Ontario, Canada’s New Sex Ed Curriculum Sparks Outrage, Curiosity


With any change usually comes rumor, speculation and misconception. One person may say something while others will say something different, and essentially, people will come to believe what they wish to believe. Ontario, Canada’s new sex ed curriculum is no exception. There has not been an update to the sex ed curriculum since 1998, and some are outraged by what they have heard are the proposed changes. Others are outraged because they cannot believe that people are outraged.

In today’s Toronto Star, general details about the new sex ed curriculum were released. There are multiple theories about what is being taught at which grade level, and concerns range from teachers having to discuss masturbation and homosexuality with students to students learning about anal and oral sex.

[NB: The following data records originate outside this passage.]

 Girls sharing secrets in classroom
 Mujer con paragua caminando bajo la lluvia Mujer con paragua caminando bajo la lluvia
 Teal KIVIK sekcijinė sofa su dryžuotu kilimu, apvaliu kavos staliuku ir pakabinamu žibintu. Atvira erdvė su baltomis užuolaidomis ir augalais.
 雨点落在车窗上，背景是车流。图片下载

None of these are actually mandatory subjects in the curriculum.

In the new sex ed curriculum, Grade 1 students will learn the proper names for the male and female genitalia. Grade 2 students learn about the basic stages of human development, including how their bodies change as they grow. Grade 3 sees students having possibly the first discussions about homosexuality, with topics possibly covering families with two moms or two dads. By Grade 6, notions of consent and healthy relationships are discussed, while Grade 7 students learn about the dangers of sexting, avoiding genital to genital, anal to genital or oral to genital contact and delaying sexual contact until they are older.

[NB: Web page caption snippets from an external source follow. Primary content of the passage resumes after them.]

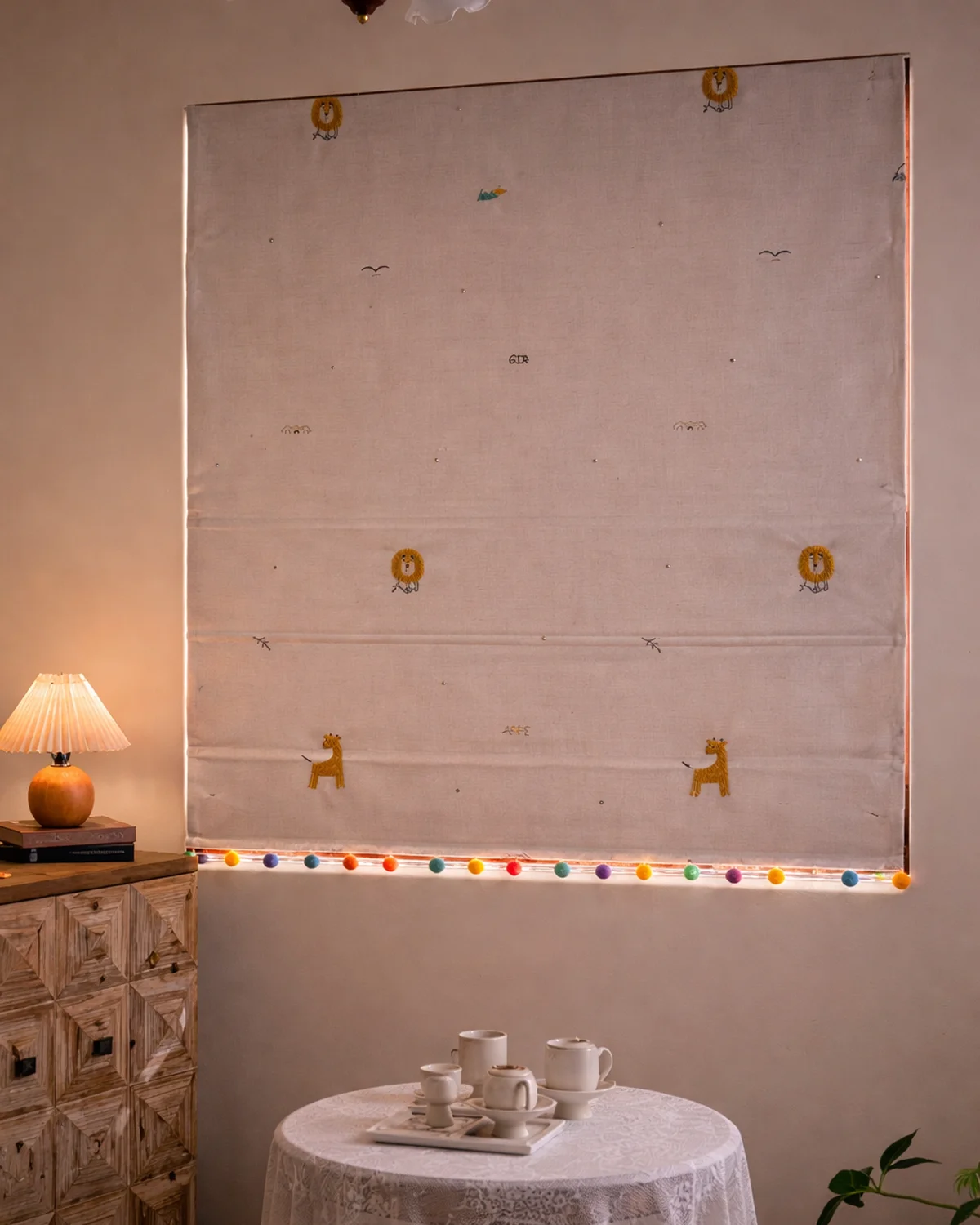 Whimsical safari embroidered Roman shade with colorful pom-pom trim, styled in a cozy kids room at night.
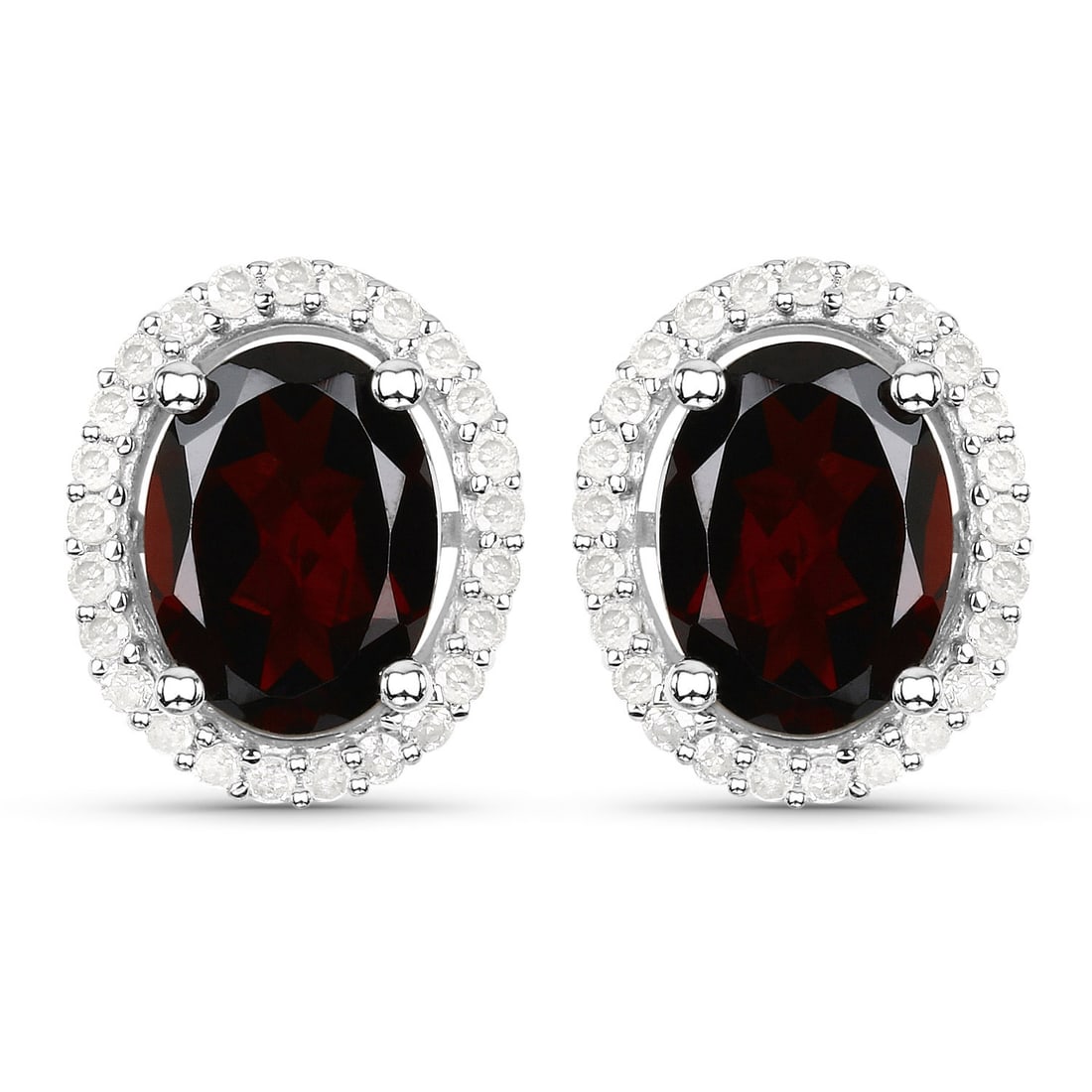 January Elegance Garnet and Diamond Halo Earrings: 21100004 Setting: .925/18K White Gold over Sterling Silver Primary Gemstone: Genuine Garnet Secondary Gemstone: Genuine Natural Diamond Closure: Posts with Friction Backs Weight: 3.07g Birthstone for: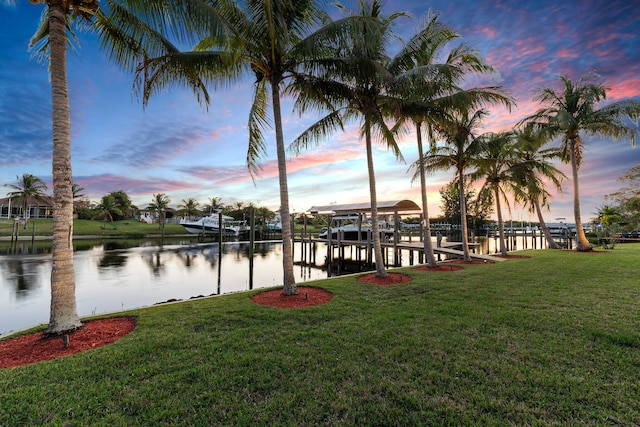 2666 SE Erickson Dr, Port Saint Lucie, FL 34984 - dock area featuring a water view and a yard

Director of the Peel District School Board Tony Pontes says that his board, the second largest in Ontario, plans on taking a relatively tough stance on families who might encourage their children to opt out of certain topics in the sex ed curriculum. “Supported by legal opinion, bolstered by our core values, I would no more say yes to someone wanting a child excluded because of a discussion about LGBTQ than I would a discussion about race or gender,” he said.

Peel is also opening its first gender-neutral washroom and introducing gender identity guidelines for its students and educators as well.

Brampton Grade 5 teacher Yasmine Sarruf told CBC News that she supports the sex ed curriculum and is dismayed that her area’s Member of Parliament Kyle Seeback, who is running for the Conservatives in the area after serving as the area MP for four years, wrote a letter in which he said, “gender identity is a concept that tells us that people can identify with a gender opposite to that which they were born.”

Sarruf felt that Seeback’s words implied a disbelief in people sensing that they were transgender, and immediately went on the offensive.

“Kids are so accepting,” Sarruf said. “And I think that’s something that some people don’t understand. If they just came and watched a lesson, they would see it’s not scary, nobody freaks out, [the students are] just like, ‘Okay, cool.'”

The new sex ed curriculum is set to be implemented with the start of the 2015-2016 school year, set to start in Ontario September 8.